For the past decade, I’ve worn a cap almost everywhere. At business meetings, dinner parties and to meet my boyfriend’s parents. Come rain or shine, in a suit or shorts. Over years of collecting, my inventory of headgear has expanded beyond a drawer, and now fills a trunk with some overspill.
I’m not sure where it began – certainly, not from any need for concealment. My head is mercifully free of lumps, bumps or anything to give pause to a phrenologist. And I have – so far, at least – no bald patches, and little recession in my hairline. In fact, for the past several years, I have bleached my hair with militant regularity, spending considerable time on achieving the perfect shade of blonde, before thrusting it unceremoniously beneath a cap.
It’s become a security blanket, of sorts: similar, I suppose, to women who don’t feel “dressed” without lipstick on.
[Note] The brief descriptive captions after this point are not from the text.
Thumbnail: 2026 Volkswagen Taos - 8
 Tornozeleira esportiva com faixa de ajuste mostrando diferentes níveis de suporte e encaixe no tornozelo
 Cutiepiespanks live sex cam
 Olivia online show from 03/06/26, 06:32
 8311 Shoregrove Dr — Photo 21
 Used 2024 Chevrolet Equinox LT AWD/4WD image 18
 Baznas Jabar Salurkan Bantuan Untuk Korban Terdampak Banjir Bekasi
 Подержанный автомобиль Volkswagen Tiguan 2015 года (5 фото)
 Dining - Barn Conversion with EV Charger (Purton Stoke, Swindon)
And, certainly, it eradicates any concerns about bad-hair days. But beyond that, it’s a balm to my persistent, low-burning anxiety about appearing overdressed, or – the eternal millennial concern – of “trying too hard”. I’ve lived most of my life with the recurrent fear that I’d turn up to work, or a social event, or a funeral, and look like I’ve put too much effort in. It takes little more than someone seeing what I’m wearing and saying, “Ooh, you’ve made an effort,” to bring me to collapse. Mentally, I never grew out of the hoodie-wearing, corner-skulking teenager of the early 2000s.